**Work order**
Pictures stay out of the output. Return exactly the lines below from the one with "Tattoo Art in Korea : 네이버 블로그 Tattoo" down to the one with "六氯苯标准溶液 结构式", both included, and nothing more.

**Provided data**
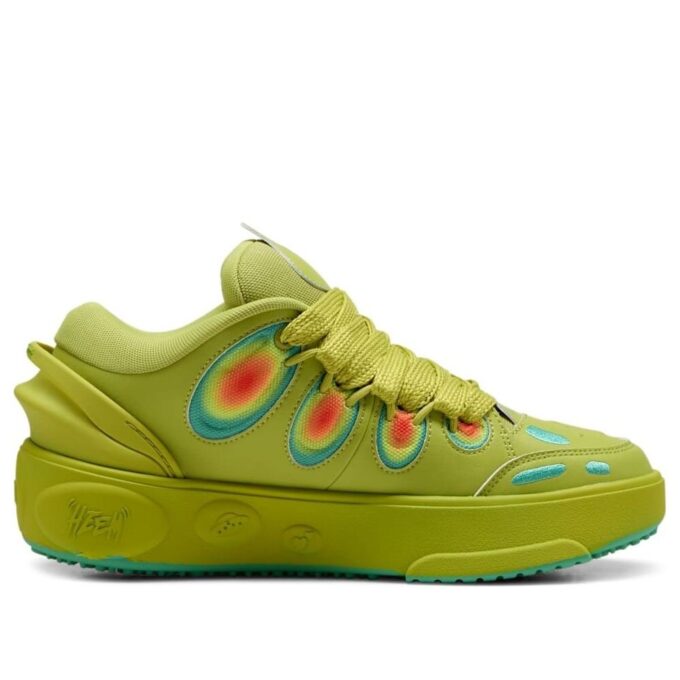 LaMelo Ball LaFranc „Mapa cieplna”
...
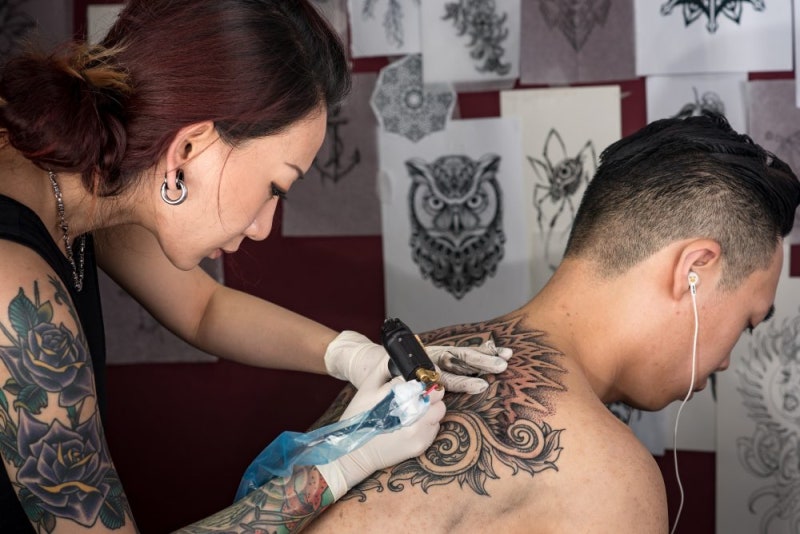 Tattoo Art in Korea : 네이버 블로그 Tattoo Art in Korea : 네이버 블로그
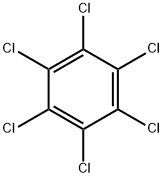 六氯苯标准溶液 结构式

**Worked solution**
 Tattoo Art in Korea : 네이버 블로그 Tattoo Art in Korea : 네이버 블로그
 六氯苯标准溶液 结构式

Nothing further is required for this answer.